ENTRIES PROVIDED |
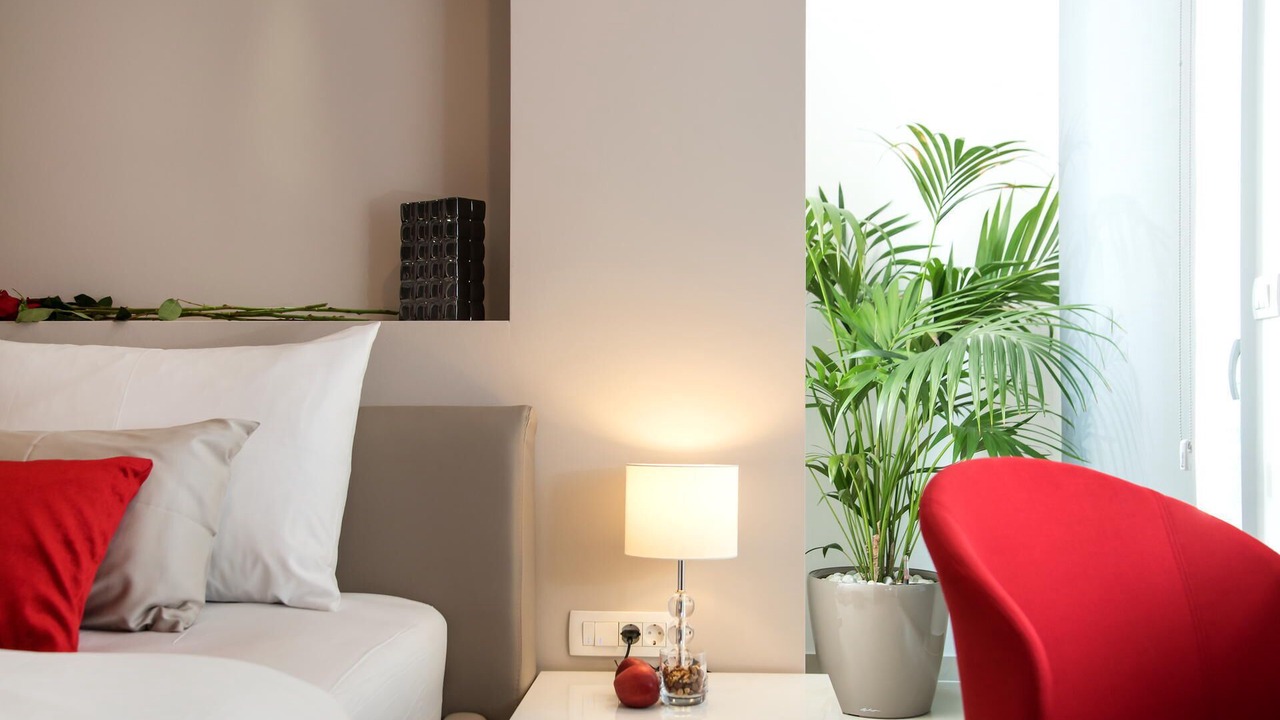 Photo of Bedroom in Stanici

--

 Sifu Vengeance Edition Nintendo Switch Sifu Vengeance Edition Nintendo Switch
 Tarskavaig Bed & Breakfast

EXERCISE DIRECTIONS | From the records above, print only the lines between the one holding "Sifu Vengeance Edition Nintendo Switch Sifu" and the one holding "Tarskavaig Bed & Breakfast", inclusive, exactly as they stand.

TASK ANSWER |
 Sifu Vengeance Edition Nintendo Switch Sifu Vengeance Edition Nintendo Switch
 Tarskavaig Bed & Breakfast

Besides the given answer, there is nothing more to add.